Work instructions:
Give back the line below containing "Load image into" and every later line, exactly.

Data:

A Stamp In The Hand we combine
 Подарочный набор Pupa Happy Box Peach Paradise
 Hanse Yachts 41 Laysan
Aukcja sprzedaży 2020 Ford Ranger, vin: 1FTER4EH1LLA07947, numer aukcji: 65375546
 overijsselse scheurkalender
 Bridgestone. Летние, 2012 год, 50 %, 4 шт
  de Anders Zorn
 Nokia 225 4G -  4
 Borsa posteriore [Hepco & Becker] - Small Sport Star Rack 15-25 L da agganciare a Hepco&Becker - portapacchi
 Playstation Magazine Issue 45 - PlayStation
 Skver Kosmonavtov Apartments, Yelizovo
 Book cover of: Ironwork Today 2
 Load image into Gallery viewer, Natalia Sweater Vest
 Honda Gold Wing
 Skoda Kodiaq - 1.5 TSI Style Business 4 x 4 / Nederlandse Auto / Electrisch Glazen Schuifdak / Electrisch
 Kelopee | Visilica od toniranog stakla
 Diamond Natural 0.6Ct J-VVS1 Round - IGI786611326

Result of the exercise:
 Load image into Gallery viewer, Natalia Sweater Vest
 Honda Gold Wing
 Skoda Kodiaq - 1.5 TSI Style Business 4 x 4 / Nederlandse Auto / Electrisch Glazen Schuifdak / Electrisch
 Kelopee | Visilica od toniranog stakla
 Diamond Natural 0.6Ct J-VVS1 Round - IGI786611326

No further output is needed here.